Canada’s newly appointed Prime Minister, Mark Carney, has declared that the nation’s longstanding relationship with the United States is “over.”
Carney, a former central banker with deep ties to globalist institutions who ascended to the premiership without ever having held elected office, wasted no time alienating Canada’s biggest trading partner and closest ally—all while cozying up to European elites and peddling a radical reimagining of the Canadian economy.
Carney’s announcement came Thursday during a press conference in Ottawa, where he railed against Trump’s “permanent” 25% tariffs on Canadian vehicles and auto parts, calling them a “very direct attack” on Canadian workers.
Carney: Our biggest challenge as a country is becoming the most urgent. Over the coming weeks, months, and years, we must fundamentally reimagine our economy. We will need to ensure that Canada can succeed in a drastically different world.
The old relationship we had with the United States—based on deepening integration of our economies and tight security and military cooperation—is over.

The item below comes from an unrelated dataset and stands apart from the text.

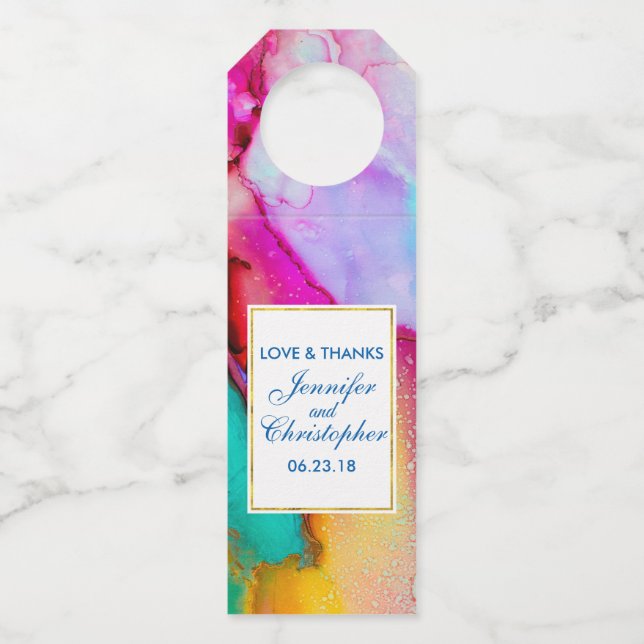 Étiquettes Pour Bouteilles Conception de mariage à l'aquarelle en marbre abst (Devant)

What exactly the United States does next is unclear. But what is clear is that we, as Canadians, have agency. We have power. We are masters in our own home.
We can control our destiny. We can give ourselves much more than any foreign government, including the United States, can ever take away. We can deal with this crisis best by building our strength right here at home.
It will take hard work. It will take steady focus and determination—from governments, from businesses, from labor, from Canadians. We will need to dramatically reduce our reliance on the United States.
We will need to pivot our trade relationships elsewhere, and we will need to do things previously thought impossible, at speeds we haven’t seen in generations.
But we can make ourselves more productive—and therefore more competitive. We can break down internal trade barriers. We can build a stronger and more resilient economy. That’s what I’m squarely focused on as your Prime Minister.
WATCH:
Carney’s declaration comes in the wake of President Donald Trump’s imposition of a 25% tariff on auto imports.
President Trump on Wednesday adjusted tariffs on foreign-made cars to impose 25% tariffs on “imported passenger vehicles (sedans, SUVs, crossovers, minivans, cargo vans) and light trucks, as well as key automobile parts (engines, transmissions, powertrain parts, and electrical components), with processes to expand tariffs on additional parts if necessary.”
This comes as the President’s executive order, which will impose sweeping reciprocal tariffs on every country that charges the United States taxes or tariffs on imported goods, is scheduled to take effect on April 2. The White House and President Trump have repeatedly referred to April 2 as “Liberation Day.”